In August, the government revised the minimum specifications, allowing for importation of equipment that exclusively supports free-to-air (FTA) channels.
The move was meant to bring prices down by 45 per cent to around Sh3,360.
However, traders who have brought in the gadgets say that it is not a long term business and as such prices will not go below Sh5,000.
The high price has led some viewers to subscribe to pay-TV service providers such as Startimes at an initial fee of Sh2,999, and Gotv at Sh3,100, then pay content at Sh5,99 per month.
“The number of enquiries we are receiving since Tuesday when the government announced to switch off Nairobi has gone up, but people are still not buying,” said a salesperson at Microville Solutions Ltd, who asked not to be named because she is not the company’s spokesperson.
Another vendor, Professional Digital Systems Ltd, shared the same sentiments.
However, Paul Kivuti of Smart Beaver said that their sales had risen following the government’s announcement.
“Previously we used to sell between two to three boxes, the number has gone up to 100 pieces per day since the announcement,” said Mr Kivuti.
Earlier, the government only allowed the importation of set-top boxes on the Digital Video Broadcast Technology 2 (DVB-T2) that could access both pay and free-to-air channels whether or not the consumer subscribes to pay- TV.

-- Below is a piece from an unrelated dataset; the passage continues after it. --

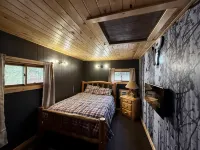 Charming 2-bedroom cabin with WiFi, AC near ATV routes, & Rock Dam Lake.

It is this “conditional access” feature, a technology allowing pay TV broadcasters to control what viewers watch and whose installation cost is estimated at about Sh3,360, that was removed in August with anticipation that the traders would pass on the benefits to end users.
In June, the government also removed import duty charged on set-top boxes in a bid to bring down prices. However, this has had little impact on the prices.

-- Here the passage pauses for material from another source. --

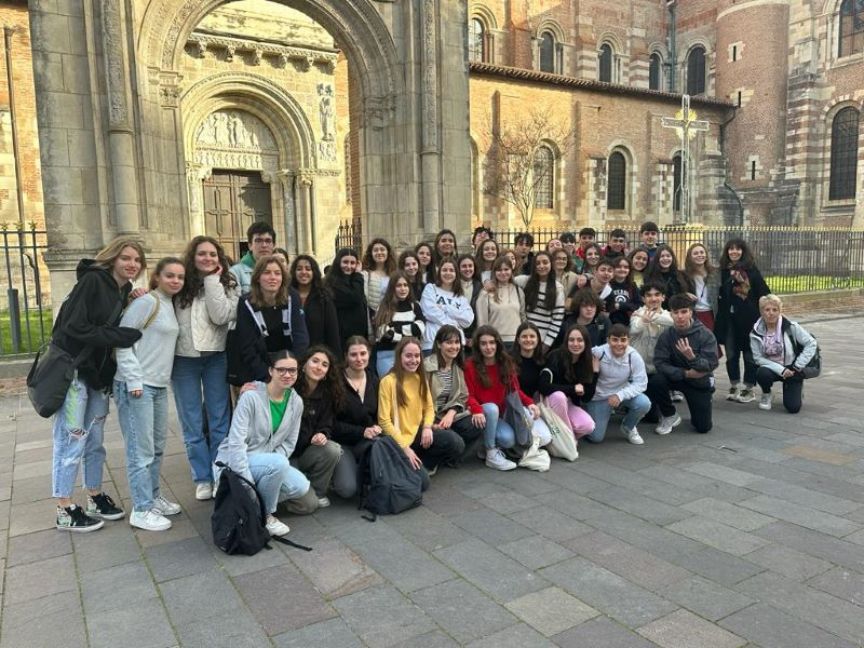 Delante de la basílica de Saint Sernin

Communications Commission of Kenya (CCK) director-general Francis Wangusi said that the government had rolled out the digital television infrastructure to 70 per cent of the population.
Digital signals are currently available in Nairobi, Mombasa, Nakuru, Kisumu, Eldoret, Nyeri, Webuye, and Meru.
The Regional Radio Communication Conference held in Geneva in 2006 set a 2015 deadline for migration to digital TV, but the five East African Community member states set their deadline at December.
Apart from larger content generation, the switch is expected to expand opportunities for investors in digital terrestrial TV, broadcast mobile TV, commercial wireless broadband services, and help in disaster relief.
Consumers are expected to benefit from clear pictures, while competition among service providers is set to lead to better quality of programmes.
A CCK study showed that out of the four million households which own TV sets, 1.6 million (40 per cent) own black and white ones bought at about Sh4,000 each.
Such households might not afford costly set-top boxes or find value in investing in the gadgets if the price remains high.
Mr Wangusi had earlier said that the greatest barrier to the success of digital migration process would be access to affordable set-top boxes.